U.S. Army and Iraqi Army soldiers patrol borders in Iraq, in
November 2009 After the September 11 attacks, and as part of the
Global War on Terror, U.S. and NATO forces invaded Afghanistan in
2001, displacing the Taliban government. The U.S. Army led the
combined U.S. and allied Invasion of Afghanistan in 2001, and Iraq
in 2003. In the following years the mission changed from conflict
between regular militarizes to counter insurgency, resulting in the
deaths of more than 4,000 U.S service members (as of March 2008) and
injuries to thousands more. and 23,813 insurgents were killed in
Iraq between 2003-2011. The lack of stability in the theater of
operations has led to longer deployments for Regular Army as well as
Reserve and Guard troops.[citation needed] The army's chief
modernization plan was the FCS program. Many systems were canceled
and the remaining were swept into the BCT modernization
program.[citation needed]
The task of organizing the U.S. Army commenced in 1775. In the first
one hundred years of its existence, the United States Army was
maintained as a small peacetime force to man permanent forts and
perform other non-wartime duties such as engineering and
construction works. During times of war, the U.S. Army was augmented
by the much larger United States Volunteers which were raised
independently by various state governments. States also maintained
full-time militias which could also be called into the service of
the army.
By the twentieth century, the U.S. Army had mobilized the U.S.
Volunteers on four separate occasions during each of the major wars
of the nineteenth century. During World War I, the “National Army”
was organized to fight the conflict, replacing the concept of U.S.
Volunteers. It was demobilized at the end of World War I, and was
replaced by the Regular Army, the Organized Reserve Corps, and the
State Militias.
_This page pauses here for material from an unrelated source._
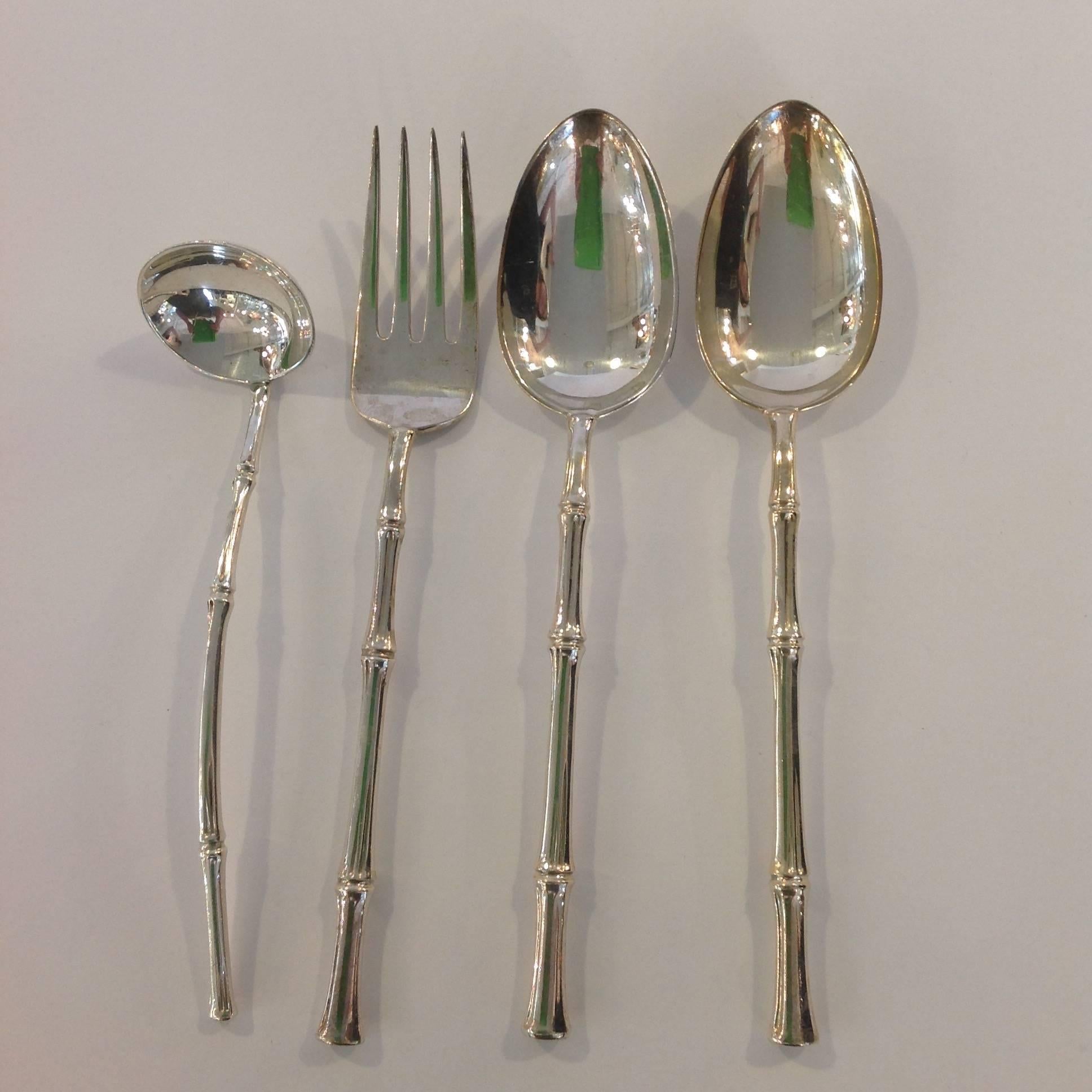 Modern Bamboo by Tiffany & Co Sterling Flatware Set Service for Eight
In the 1920s and 1930s, the “career” soldiers were
known as the “Regular Army” with the “Enlisted Reserve Corps” and
“Officer Reserve Corps” augmented to fill vacancies when needed. In
1941, the “Army of the United States” was founded to fight World War
II. The Regular Army, Army of the United States, the National Guard,
and Officer/Enlisted Reserve Corps (ORC and ERC) existed
simultaneously. After World War II, the ORC and ERC were combined
into the United States Army Reserve. The Army of the United States
was re-established for the Korean War and Vietnam War and was
demobilized upon the suspension of the draft. Currently, the army is
divided into the Regular Army, the Army Reserve, and the Army
National Guard. The army is also divided into major branches such as
Air Defense Artillery, Infantry, Aviation, Signal Corps, Corps of
Engineers, and Armor. Before 1903 members of the National Guard were
considered state soldiers unless federalized (i.e., activated) by
the President. Since the Militia Act of 1903 all National Guard
soldiers have held dual status: as National Guardsmen under the
authority of the governor of their state or territory and, when
activated, as a reserve of the U.S. Army under the authority of the
President. Since the adoption of the total force policy, in the
aftermath of the Vietnam War, reserve component soldiers have taken
a more active role in U.S. military operations. For example, Reserve
and Guard units took part in the Gulf War, peacekeeping in Kosovo,
Afghanistan, and the 2003 invasion of Iraq.